FTC Can Proceed With 'Dark Patterns' Charges Against Amazon

Siding against Amazon, a federal judge has ruled that the Federal Trade Commission can proceed with charges that the company used “dark patterns” to dupe people into signing up for Prime subscriptions, and also thwarted subscribers' attempts to cancel.

The ruling, issued Tuesday by U.S. District Court Judge John Chun in Seattle, stems from a lawsuit brought against the company in June 2023 by the FTC. The agency alleged that Amazon used “manipulative, coercive, or deceptive user-interface designs” to trick customers into enrolling in Prime -- a $13 a month subscription service that offers discounts, free delivery of many items, and access to streaming video.

An Amazon spokesperson said the FTC's claims “are false on the facts and the law,” adding that the company makes it “clear and simple for customers to both sign up for or cancel their Prime membership.”

“We look forward to the opportunity to present the real facts in the case,” the spokesperson said.



Many of the FTC's allegations focus on Amazon's design choices. For instance, the FTC alleged that Amazon's interface required shoppers to say whether they will enroll in Prime before completing a purchase. The enrollment page said Prime subscribers would receive benefits like free shipping; the page also disclosed that subscriptions would continue until cancelled, but in small print, according to the agency.

Though Amazon offered shoppers the ability to make a purchase without signing up for Prime, that choice was “less prominent” than the enrollment option, the FTC said in its complaint. The agency added that Amazon knew since at least 2018 that some people couldn't find the link to decline enrollment.

The FTC also asserted that Amazon "knowingly complicated the cancellation process.”

“Fittingly, Amazon named that process 'Iliad,' which refers to Homer’s epic about the long, arduous Trojan War,” the agency wrote, adding that the company failed to implement changes that would have simplified Iliad.

Amazon revised its cancellation procedures shortly before the complaint was filed, but the FTC said last year that the cancellation process “still contains problematic elements.”

The FTC's complaint included claims that Amazon violated the Restore Online Shoppers Confidence Act -- a federal law that requires companies to disclose all terms of subscriptions in advance, and offer simple cancellation mechanisms.

Amazon urged U.S. District Court Judge John Chun in Seattle to dismiss the lawsuit at an early stage, arguing that even if the allegations were proven true, they wouldn't show that the company deceived Prime members about subscriptions.

Among other arguments, the company contended that allegations regarding design choices implicate all marketing efforts.

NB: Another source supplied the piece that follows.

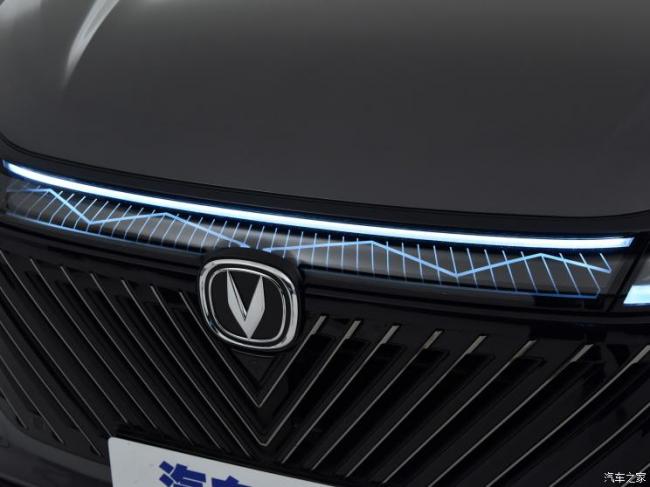 长安汽车 长安CS75 PLUS 2022款 第二代 2.0T 自动旗舰型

“A primary function of any commercial advertising is to persuade consumers to purchase the products advertised -- often through strategically placed textual and visual displays or attention-grabbing fonts and colors,” Amazon wrote.

The Interactive Advertising Bureau backed Amazon, arguing in a friend-of-the-court brief that the “dark patterns” allegations were largely based on “a handful of benign, ordinary statements made in the course of Amazon marketing the benefits of its Prime membership and 'design elements' chosen by Amazon, such as the use of color to draw a consumer’s attention, to communicate Amazon’s message that Prime is valuable.

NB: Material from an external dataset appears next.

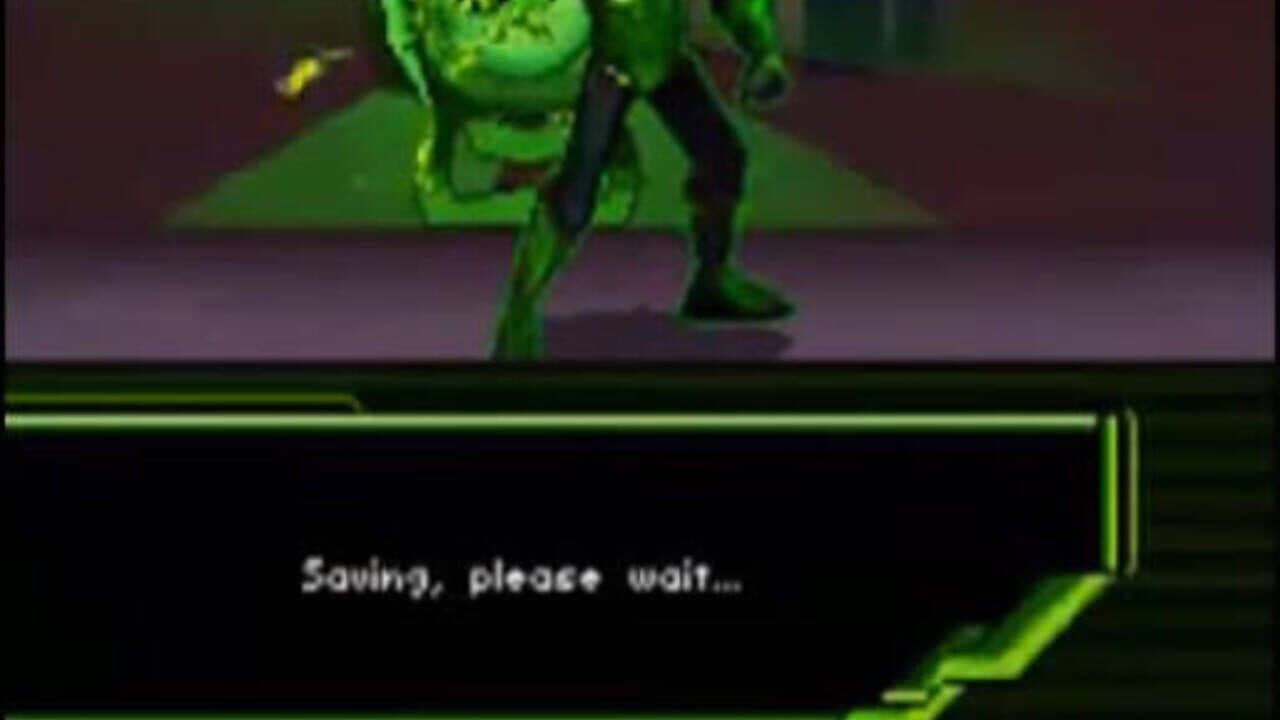 Green Lantern: Rise of the Manhunters thumbnail 2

The IAB also said the FTC “appears to seek to punish, ban, and regulate speech that it has not -- and cannot -- allege is untruthful by applying the label 'dark patterns.'”

Chun rejected those arguments Tuesday, ruling that the allegations, if true, could support the claims that Amazon failed to clearly disclose key terms about Prime subscriptions.

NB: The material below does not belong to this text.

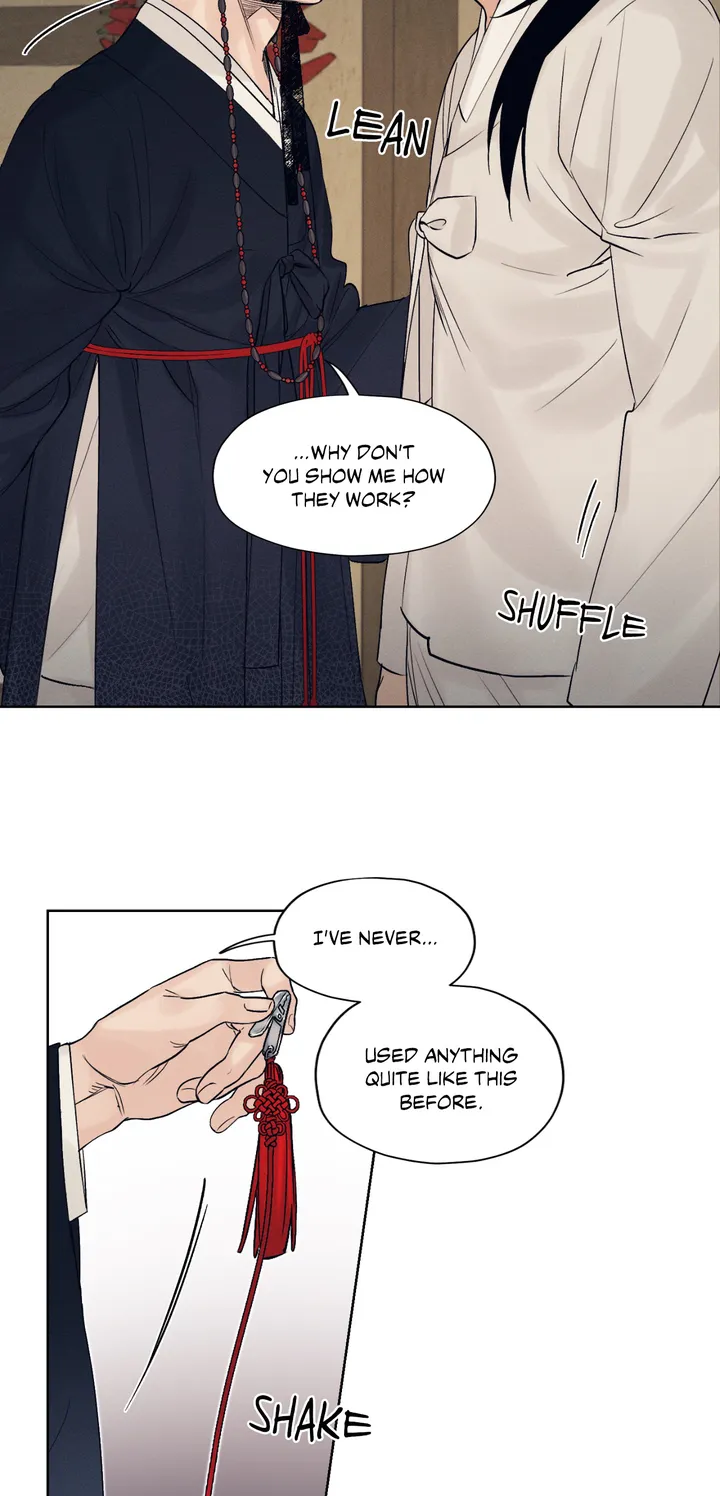Toys of the Trade [paw] Chapter 1 - Page 47 in English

“Even though the price of Prime and the fact that the subscription automatically renewed were bolded, the disclosures were in smaller text at the bottom of the page in black and white while larger and/or colorful text at the top of the page told consumers that they were receiving the gift of a free trial, saving money on the cost of shipping, and receiving faster delivery for 'FREE,'” he wrote in a 49-page decision.

“The court cannot conclude as a matter of law that the disclosures would be clear and conspicuous to any reasonable consumer,” he added.

Chun also rejected Amazon's bid to dismiss claims relating to the Prime cancellation procedures. Instead, he held that the FTC's allegations regarding the Iliad flow warranted further proceedings.

“The FTC alleges that Amazon’s Iliad Flow online cancellation process required consumers to click six times and go through four screens, seeking to entice consumers not to cancel the subscription, or merely pause the subscription, before the consumer could finally cancel Prime,” he wrote.

The FTC's complaint came two years after Public Citizen, Fairplay, Center for Digital Democracy and other advocacy groups sought an investigation of Amazon's cancellation practices. Those groups drew on a report issued by the Norwegian Consumer Council (a watchdog funded by the Norwegian government) that said subscribers who wish to cancel Prime memberships “are faced with a large number of hurdles, including complicated navigation menus, skewed wording, confusing choices, and repeated nudging.”

The FTC isn't the only one suing Amazon over Prime subscriptions. Earlier this month, Arizona's attorney general alleged in a complaint brought in state court that the company's “layered and confusing” cancellation procedures dupe consumers.